Carlos Burgos
Fundador
Televisión educativa
–Qué deschongue armó Manuel. Todos quedamos sorprendidos – dijo Rodolfo.
Nadie creía. Manuel, try conocido por el Chato Meme, era un excelente maestro en el aula, normalista, muy entregado a su labor pedagógica. De tez morena, complexión delgada, casi no hablaba y cuando lo hacía se expresaba con voz suave. Analizaba a fondo los temas que se discutían en cualquier reunión en la que participaba.
En su hogar era amoroso. Atento y muy tolerante con su hijita de dos años de edad. En cierta ocasión que me invitó a desayunar a su casa, se sentó con la niña en la misma silla, la sostuvo en sus piernos y ambos comieron del mismo plato.
Los frijolitos molidos y los plátanos fritos estaban deliciosos. La niña, por supuesto, no podía utilizar el tenedor y lo hacía directamente con las manos, pero se embadurnaba mucho y se limpiaba en la camisa blanca y nítidamente planchada de su papá. Me quedé sorprendido de lo que miraba, pero Meme, muy tranquilo sonreía, y la niña con estimulación temprana, más le untaba la camisa.
–No hay que truncar las acciones de los niños a esta edad – me aclaró –. Se les podría reprimir sin que ellos comprendan el motivo, lo que posteriormente podría dar lugar a traumas psicosociales irreversibles.
Meme tenía muchos amigos. El viernes por la tarde, que llamaban sábado chiquito, se reunía con ellos y se dirigían a un bar a departir con las copas acostumbradas, donde iniciaban interminables conversaciones sobre diversos temas: deporte, política, mujeres, trabajo y todo lo que se les ocurría. Él casi no intervenía pero escuchaba activamente, de modo que cuando le exigían que opinara, planteaba un discurso antropológico con los elementos que escuchaba de tal calidad que lo alababan por ello.
Cierto viernes del mes de agosto, con un grupo de compañeros de trabajo, inició el vacile en bares del centro de San Salvador. Después que habían ingerido tres botellas, cambiaron de «cancha» para continuar con su tertulia de amigos. Así pasaron por los bares Bengoa, El Chico, El Alcázar y otros hasta que al final, como a las dos de madrugada, pararon en El Faro, siempre en el área de La Praviana. Aquí siguieron con su prolongada conversación, pero ya cansados, con menos animosidad.
Meme solo los escuchaba y observaba… observaba. Pero en un momento de largo silencio, en forma intempestiva se levantó de su silla y dio un puntapié a la mesa redonda, al mismo tiempo que dijo en voz alta: ¡Muy triste esta tertulia!

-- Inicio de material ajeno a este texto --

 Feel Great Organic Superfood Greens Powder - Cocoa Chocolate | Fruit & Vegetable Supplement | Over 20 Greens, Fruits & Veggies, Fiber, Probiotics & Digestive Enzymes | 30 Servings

Y salieron volando, además de la mesa, la botella, los vasos, las sodas, el hielo y los bocadillos. Al instante sus amigos quedaron sentados sin mesa al centro, pero todos se levantaron: unos reclamaban y otros reían a carcajadas. Los meseros habían corrido a ver qué sucedía.
En tanto Meme permanecía en silencio, mudo, como de costumbre, pero bastó una frase suya para desencadenar este desparpajo por la triste tertulia.

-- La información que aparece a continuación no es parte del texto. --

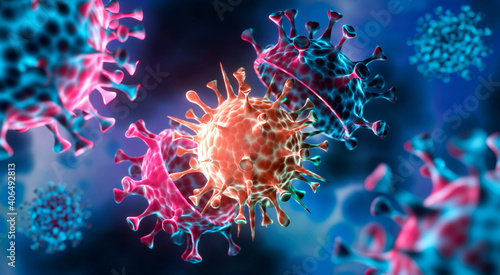 Fotografie, Obraz Coronavirus with Mutation - 3D visualization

El lunes a las siete de la mañana, todos se presentaron a su trabajo, muy tranquilos, como que nadie había quebrado un plato, solo vasos que tuvieron que pagar.
–¿Y qué pasó con tu vocación de maestro y de buen pedagogo, con el deschongue que armaste? – le reclamó Rodolfo.
–Sigo igual dando el buen ejemplo en el aula y eficiente como orientador de mis alumnos. Lo que sucedió a medianoche en el centro de la capital fue un capítulo del mundo ficticio en que vivimos por momentos. Eso no se menciona en el santuario del aula que es otro mundo.
El jueves, Meme dijo a sus amigos: mañana será viernes, nuestro sábado chiquito, participaremos en tertulias alegres y no tristes, en ningún momento.
–Nos iremos a escondidas para que no nos veas, no queremos otro zafarrancho – le aclaró Rodolfo, y ambos rieron a carcajadas.